About this task: Print exactly, and only, the lines running from the line containing "Men\'s Rivera Oxfords" through the end of the records below.

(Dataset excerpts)

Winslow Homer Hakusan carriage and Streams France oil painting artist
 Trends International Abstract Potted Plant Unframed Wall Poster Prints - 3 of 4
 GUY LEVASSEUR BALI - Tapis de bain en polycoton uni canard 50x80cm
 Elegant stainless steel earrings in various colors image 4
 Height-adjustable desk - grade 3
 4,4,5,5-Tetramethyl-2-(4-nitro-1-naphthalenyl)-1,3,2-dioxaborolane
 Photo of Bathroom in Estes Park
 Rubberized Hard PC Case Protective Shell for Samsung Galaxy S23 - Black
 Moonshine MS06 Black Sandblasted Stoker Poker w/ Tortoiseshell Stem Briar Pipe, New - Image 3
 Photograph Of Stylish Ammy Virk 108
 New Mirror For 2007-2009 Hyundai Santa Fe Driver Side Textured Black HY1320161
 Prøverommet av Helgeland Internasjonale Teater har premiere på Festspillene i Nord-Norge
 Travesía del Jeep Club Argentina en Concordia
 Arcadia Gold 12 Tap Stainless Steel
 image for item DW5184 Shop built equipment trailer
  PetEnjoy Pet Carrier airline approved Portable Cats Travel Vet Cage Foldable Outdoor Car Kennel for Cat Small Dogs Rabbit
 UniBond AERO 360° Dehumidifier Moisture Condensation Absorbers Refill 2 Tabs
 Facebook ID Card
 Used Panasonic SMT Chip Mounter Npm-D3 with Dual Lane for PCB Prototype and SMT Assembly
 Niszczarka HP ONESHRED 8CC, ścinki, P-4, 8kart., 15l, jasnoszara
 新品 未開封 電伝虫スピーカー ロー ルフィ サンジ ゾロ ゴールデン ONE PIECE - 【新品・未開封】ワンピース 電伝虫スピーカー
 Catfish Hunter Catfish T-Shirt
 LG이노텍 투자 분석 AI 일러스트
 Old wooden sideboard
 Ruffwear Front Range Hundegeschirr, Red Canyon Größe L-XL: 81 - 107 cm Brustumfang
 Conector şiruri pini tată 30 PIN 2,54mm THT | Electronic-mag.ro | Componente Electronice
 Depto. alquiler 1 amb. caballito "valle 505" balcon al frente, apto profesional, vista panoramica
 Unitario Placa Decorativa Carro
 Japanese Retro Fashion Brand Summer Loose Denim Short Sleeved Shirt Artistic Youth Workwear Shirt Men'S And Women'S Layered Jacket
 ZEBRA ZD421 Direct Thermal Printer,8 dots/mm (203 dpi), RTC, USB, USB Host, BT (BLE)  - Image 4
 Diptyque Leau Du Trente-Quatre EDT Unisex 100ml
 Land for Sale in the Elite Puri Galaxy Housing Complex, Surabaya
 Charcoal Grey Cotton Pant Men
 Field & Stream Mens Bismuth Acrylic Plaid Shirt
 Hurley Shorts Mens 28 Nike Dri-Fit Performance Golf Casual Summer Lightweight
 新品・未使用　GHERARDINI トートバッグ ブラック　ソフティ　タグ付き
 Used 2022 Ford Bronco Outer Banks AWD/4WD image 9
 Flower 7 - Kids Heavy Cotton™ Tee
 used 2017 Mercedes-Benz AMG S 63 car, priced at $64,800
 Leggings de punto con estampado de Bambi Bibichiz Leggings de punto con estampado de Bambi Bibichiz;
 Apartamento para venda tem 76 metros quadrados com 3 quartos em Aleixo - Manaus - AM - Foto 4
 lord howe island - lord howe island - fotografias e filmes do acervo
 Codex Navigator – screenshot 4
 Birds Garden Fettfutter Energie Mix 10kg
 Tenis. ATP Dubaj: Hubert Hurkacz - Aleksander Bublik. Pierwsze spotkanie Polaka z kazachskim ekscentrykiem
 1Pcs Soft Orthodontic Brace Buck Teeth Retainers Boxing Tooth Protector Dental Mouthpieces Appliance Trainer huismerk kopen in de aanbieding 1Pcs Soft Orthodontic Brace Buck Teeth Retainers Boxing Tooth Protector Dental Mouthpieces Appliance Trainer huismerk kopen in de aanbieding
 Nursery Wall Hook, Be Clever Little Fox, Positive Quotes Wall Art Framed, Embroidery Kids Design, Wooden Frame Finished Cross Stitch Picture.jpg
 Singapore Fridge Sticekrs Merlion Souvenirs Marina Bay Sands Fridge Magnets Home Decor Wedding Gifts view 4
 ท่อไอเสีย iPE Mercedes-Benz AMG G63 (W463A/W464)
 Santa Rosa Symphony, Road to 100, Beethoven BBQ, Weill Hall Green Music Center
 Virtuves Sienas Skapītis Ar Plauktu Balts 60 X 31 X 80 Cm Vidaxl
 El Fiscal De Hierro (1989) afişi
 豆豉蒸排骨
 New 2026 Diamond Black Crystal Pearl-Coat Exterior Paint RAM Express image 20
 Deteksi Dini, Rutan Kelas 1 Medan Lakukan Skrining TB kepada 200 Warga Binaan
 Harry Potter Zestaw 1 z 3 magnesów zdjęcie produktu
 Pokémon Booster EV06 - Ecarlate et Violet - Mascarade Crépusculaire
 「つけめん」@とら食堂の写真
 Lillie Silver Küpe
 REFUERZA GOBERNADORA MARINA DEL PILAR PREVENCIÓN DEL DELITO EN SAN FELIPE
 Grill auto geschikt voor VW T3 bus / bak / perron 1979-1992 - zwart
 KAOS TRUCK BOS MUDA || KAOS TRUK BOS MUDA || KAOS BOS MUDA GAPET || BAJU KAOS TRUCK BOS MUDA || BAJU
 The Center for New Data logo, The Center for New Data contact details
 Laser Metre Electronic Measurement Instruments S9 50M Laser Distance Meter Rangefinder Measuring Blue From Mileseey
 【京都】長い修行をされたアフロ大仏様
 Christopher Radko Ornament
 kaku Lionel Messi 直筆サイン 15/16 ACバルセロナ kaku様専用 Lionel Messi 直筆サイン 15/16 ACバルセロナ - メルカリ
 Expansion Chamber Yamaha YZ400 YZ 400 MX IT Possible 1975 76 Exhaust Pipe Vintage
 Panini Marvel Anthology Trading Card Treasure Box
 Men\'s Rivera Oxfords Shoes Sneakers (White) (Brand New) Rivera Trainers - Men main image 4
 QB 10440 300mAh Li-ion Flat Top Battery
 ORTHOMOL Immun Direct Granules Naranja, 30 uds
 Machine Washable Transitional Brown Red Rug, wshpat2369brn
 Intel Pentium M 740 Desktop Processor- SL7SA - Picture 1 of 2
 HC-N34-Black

Exercise result:
 Men\'s Rivera Oxfords Shoes Sneakers (White) (Brand New) Rivera Trainers - Men main image 4
 QB 10440 300mAh Li-ion Flat Top Battery
 ORTHOMOL Immun Direct Granules Naranja, 30 uds
 Machine Washable Transitional Brown Red Rug, wshpat2369brn
 Intel Pentium M 740 Desktop Processor- SL7SA - Picture 1 of 2
 HC-N34-Black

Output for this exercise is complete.